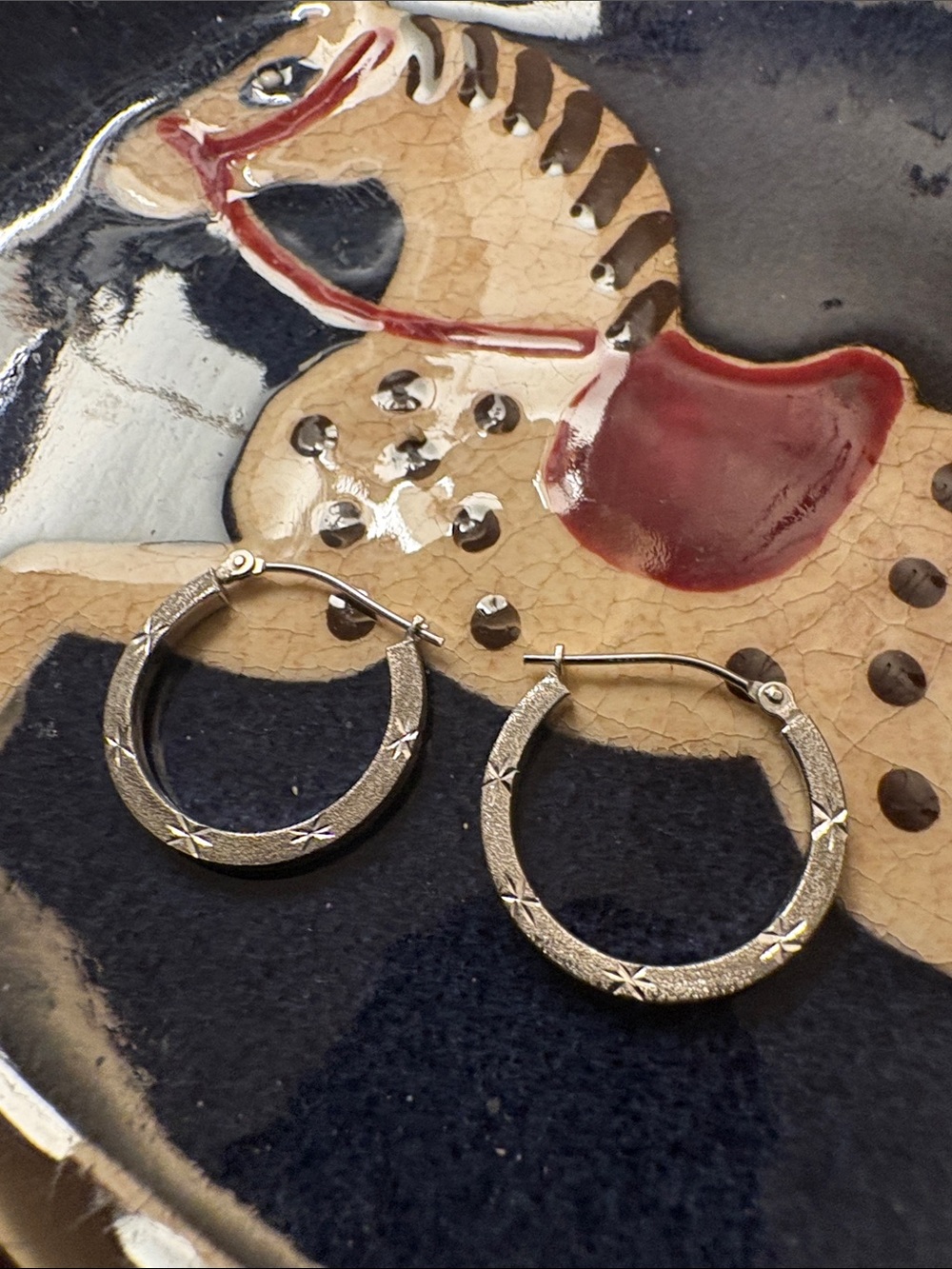 14k white gold Stars Hoop Earrings - Picture 2 of 4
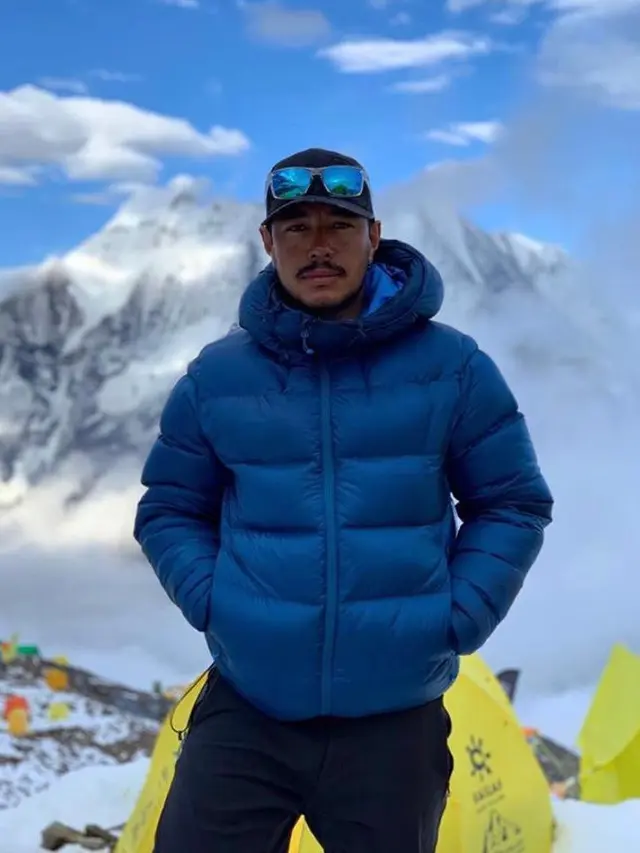 Nirmal Purja, pemegang rekor mendaki 14 Gunung dalam 6 Bulan.
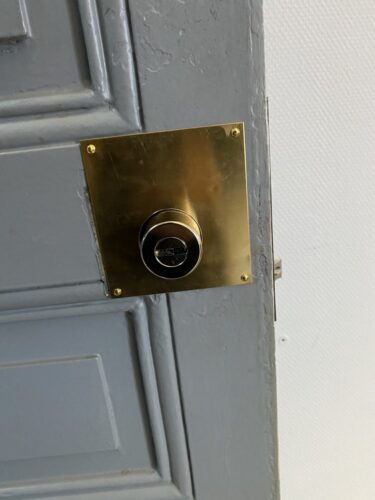 Ouverture de porte claquée à la radio à Asnières-sur-Seine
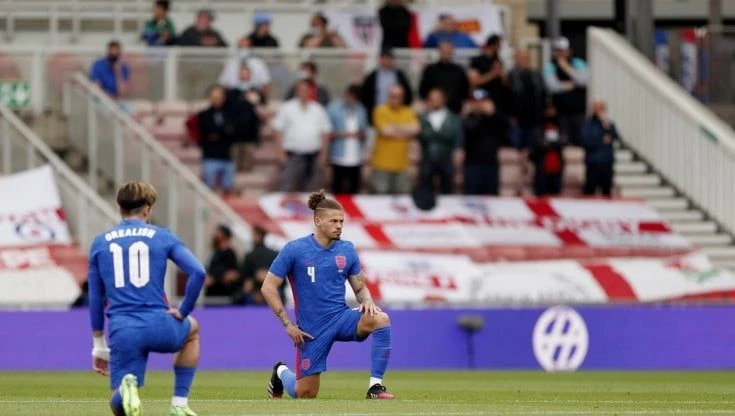 Inghilterra, squadre in ginocchio: altri ululati dei tifosi prima della gara con la Romania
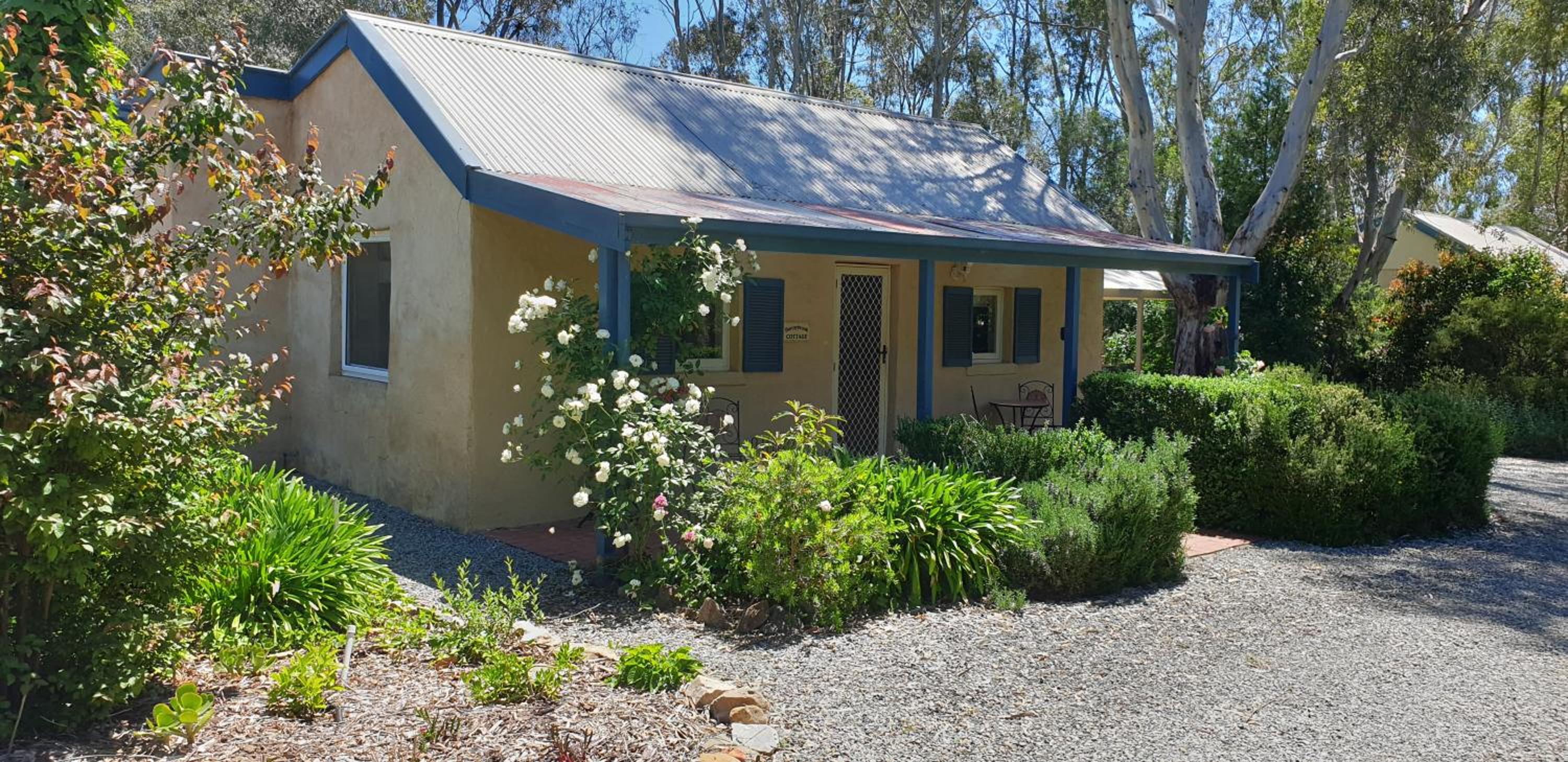 Donnybrook Cottages - Donnybrook view 3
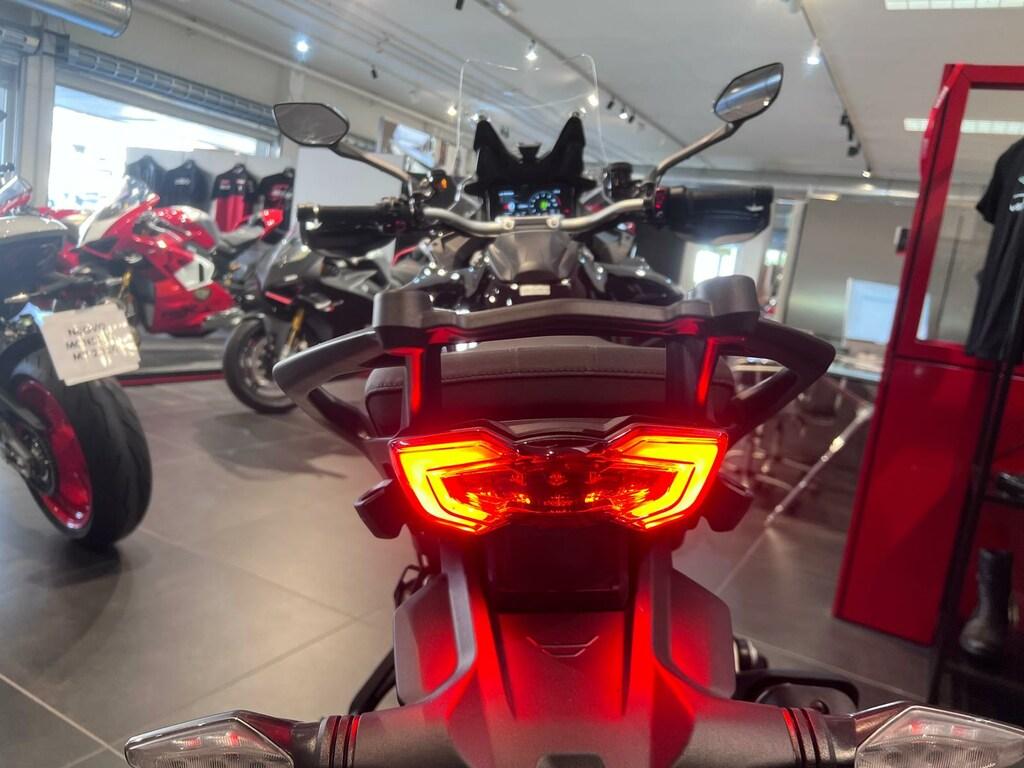 MULTISTRADA V4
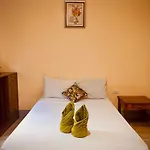 Indino Guesthouse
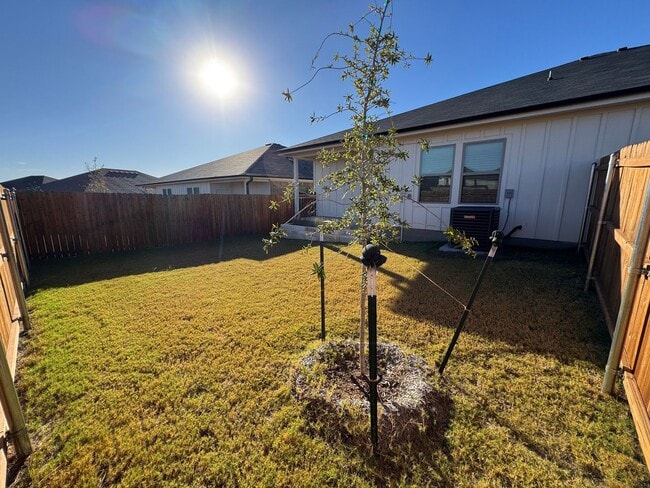 Building Photo - 5106 Rose Petal Ct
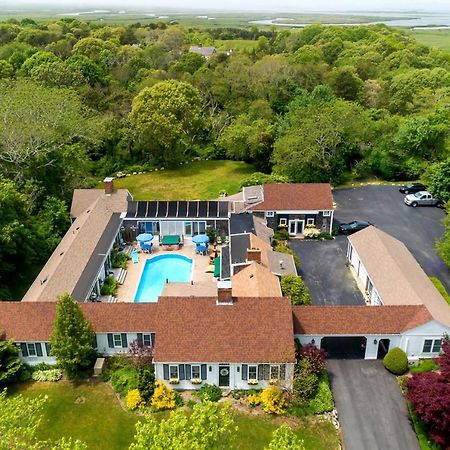 Lamb And Lion Inn Barnstable Exterior photo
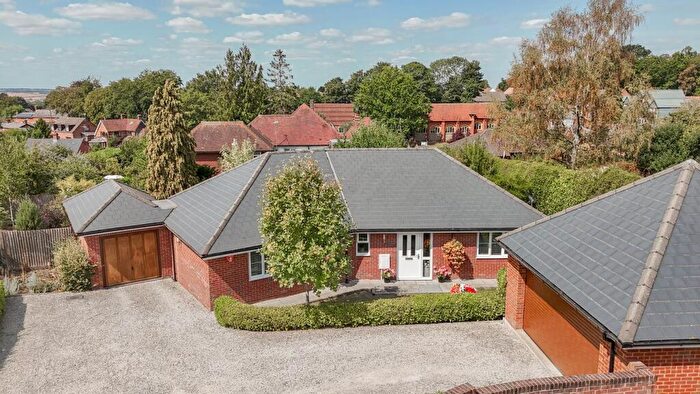 3 Bedroom Detached Bungalow For Sale In The Ridge, Woodfalls, Salisbury, SP5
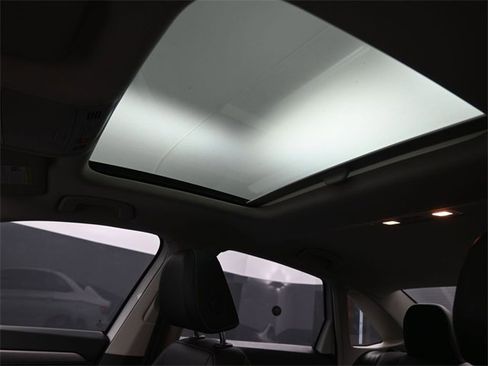 Used 2020 Volkswagen Jetta SE image 2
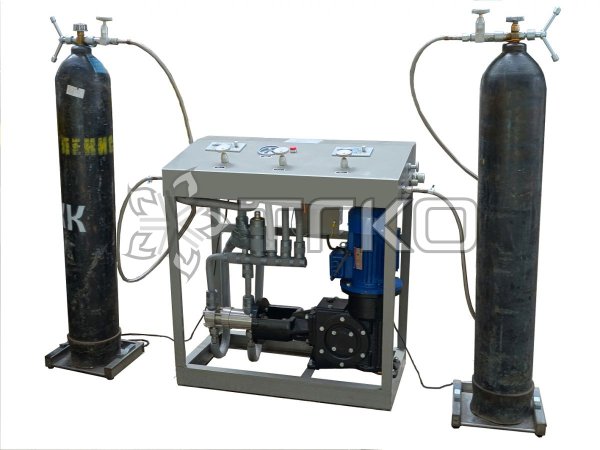 Станция углекислотнозарядная АГТ 24А-2 - 1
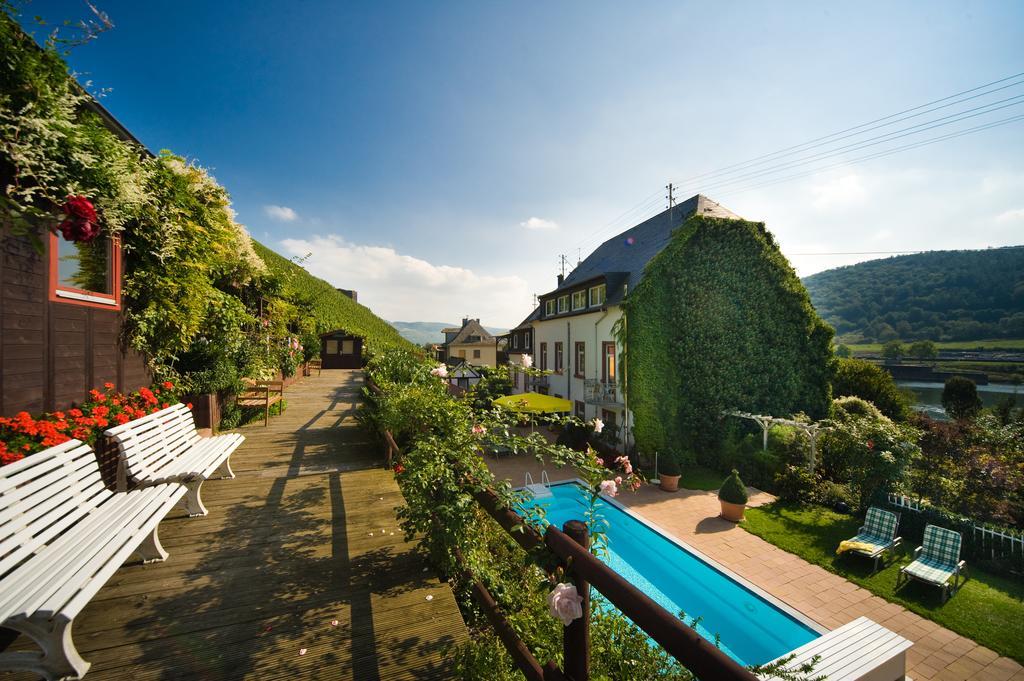 Hotel Winzerverein 젤틴겐라티그 외부 사진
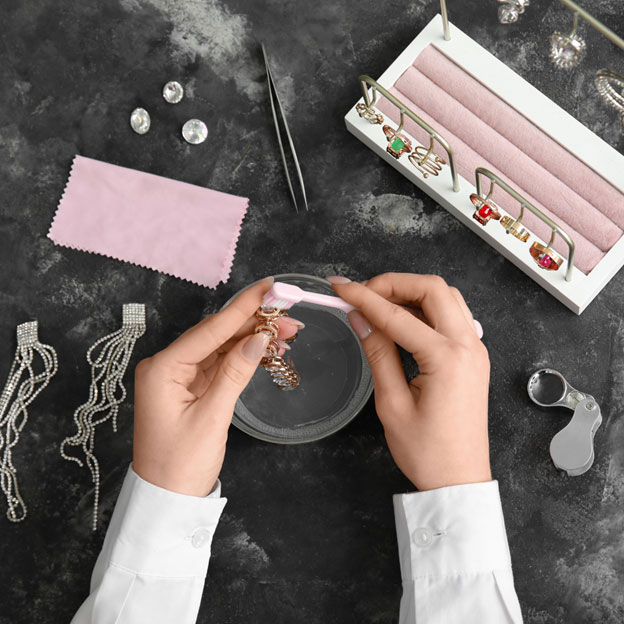 diamond jewellery clean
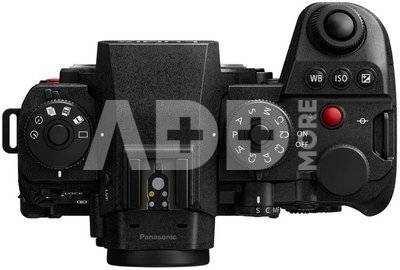 Panasonic Lumix S1II + 24-105mm
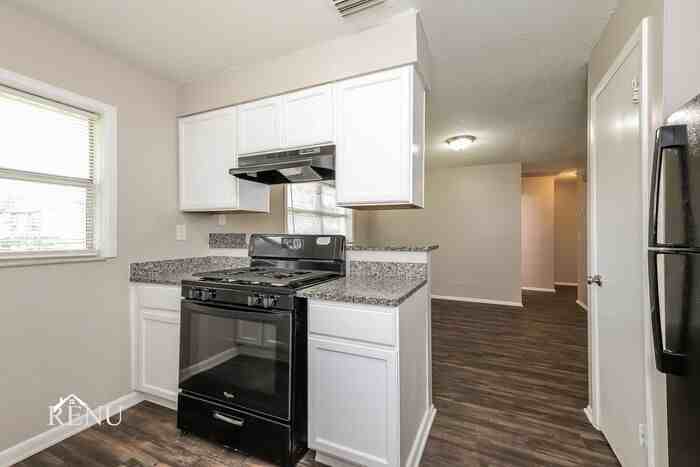 1345 Scott Cir - Photo 3 of 17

### Exercise
Exactly repeat only the lines from the one with "3 Bedroom Detached" to the closing line above, both included, and omit every picture.

### Response
 3 Bedroom Detached Bungalow For Sale In The Ridge, Woodfalls, Salisbury, SP5
 Used 2020 Volkswagen Jetta SE image 2
 Станция углекислотнозарядная АГТ 24А-2 - 1
 Hotel Winzerverein 젤틴겐라티그 외부 사진
 diamond jewellery clean
 Panasonic Lumix S1II + 24-105mm
 1345 Scott Cir - Photo 3 of 17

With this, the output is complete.